Car le problème ici, et on le voit bien, c’est la possibilité d’une contestation, à armes égales, de l’infaillibilité des thèses soutenues au plan mondial par la communauté internationale (comprendre : le bloc occidental). Si la Cnuced accède demain au même statut de référence que celui dont jouit la BM (Banque mondiale), le FMI (Fonds monétaire international et l’OMC (Organisation mondiale du commerce), le risque de contradiction dans la caution scientifique des politiques censées faire consensus va considérablement s’accroître. On entendra régulièrement des remarques de ce genre : "Le FMI a dit cela ? C’est exact, mais la Cnuced dit le contraire."
Le réveil du Sud ?
On n’en est pas là. Comme Robert Wade fait à juste titre remarquer dans son courrier au Financial Times, il manque au G77 (la communauté internationale majoritaire) l’unité de vue et d’action dont fait preuve le bloc occidental. A l’exception de l’Afrique du Sud, note-t-il, les autres pays "Brics" (Brésil, Russie, Inde et Chine) "sont restés largement passifs" devant l’affaiblissement de la Cnuced.

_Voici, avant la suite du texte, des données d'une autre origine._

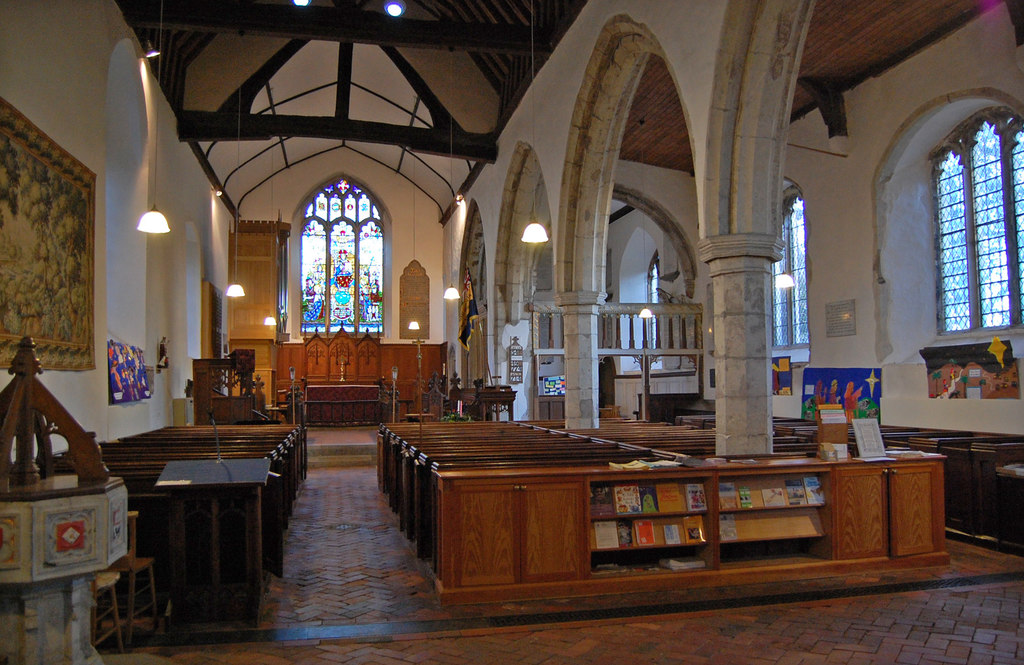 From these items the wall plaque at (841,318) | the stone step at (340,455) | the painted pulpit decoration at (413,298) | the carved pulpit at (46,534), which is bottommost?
the stone step at (340,455)

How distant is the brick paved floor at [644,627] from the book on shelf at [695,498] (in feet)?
1.68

En même temps, cependant, ce sont les mêmes pays "Brics" – à eux seuls, 40% de la population mondiale – qui, le 29 mars 2012, ont clôturé leur quatrième sommet à Dehli sur une déclaration annonçant la création d’une "South South Bank" (banque Sud Sud) aux fins de "contourner le FMI et la Banque mondiale et de s’extirper peu à peu de la dépendance vis-à-vis du dollar, monnaie internationale commune de fait." [5]
Ce n’est sans doute pas encore la manifestation éclatante d’un "second réveil du Sud" que l’économiste tiers-mondiste Samir Amin appelle de ses voeux [6], mais on peut y voir les prémisses... Le Cnuced XIII de ce mois d’avril, à Doha, sera tout sauf routinier. Il faudra lire avec attention les déclarations qui y seront faites.